I would like to take a moment though – to thank Jonathan Edwards publicly for being such a careful and caring Judge.

In the year following his win of the Costa Book Awards for Poetry I have been quite bowled over by the fact that not only has he found time to Judge this competition, to do it with such attention and close reading; but he also has been a valued member of the Maligned Species project – written two poems for the Poetry on Frogs ebook, one for the Poetry on Spiders ebook; and allowed us to record him for the Maligned Species series of podcasts.

Thank you, Jonathan, thank you.

I am really looking forward to more poetry from you in the future – and also in reading the current and future poetry by all the poets below. In celebration of Jonathan’s Report we  have decided to create a PDF that features a poem from each of the shortlisted poets – and can be bought, for a £1, here.

Huge congratulations to the poets who have won this time – as Fair Acre Press’ editor I am already looking forward to working with you both on publishing your winning pamphlets – which will be in print for Wenlock Poetry Festival 2016.

 

There is a PDF available here: Recommended 2016 – which includes a poem from each of the shortlisted poets below, costing £1.

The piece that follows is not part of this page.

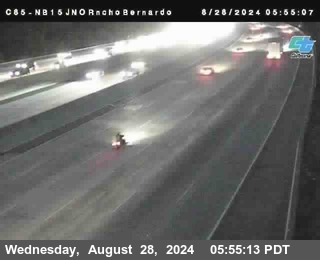 NB 15 JNO Rancho Bernardo Rd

Anyway – over to Jonathan, Nadia x :

 

Fair Acre Press Poetry Pamphlet Competition 2015

Jonathan Edwards

Jonathan Edwards

Judge’s Comments

‘You had me at the trampolining grandma’ is not a sentence with which I ever thought I would begin a judge’s report for a poetry pamphlet competition. But it seems an apposite way of beginning some reflections on the process of judging this competition, and not just because the trampolining grandma was one of the reasons why The Quilted Multiverse emerged triumphant in the category for previously published writers.

 

That surreal image of the trampolining grandma sums up much of the process of reading these poems. It was a joyous experience to read them, and it is the writers who filled me most with joy who had the best chance of making their way to publication in this contest. There were moments when reading these poems when I cried with laughter, or shouted out loud at an empty room, or punched the air, thrilled for a writer in their achievement. Because the standard was so high, admiration for what entrants had achieved became quite commonplace. Beyond this – beyond the excellent, original and formally honed work, the work which inspires deep respect – was, very simply, the work which inspired love, and it is this quality which sings out, from among the overwhelming number of wonderful poems, ‘Publish me! ME!’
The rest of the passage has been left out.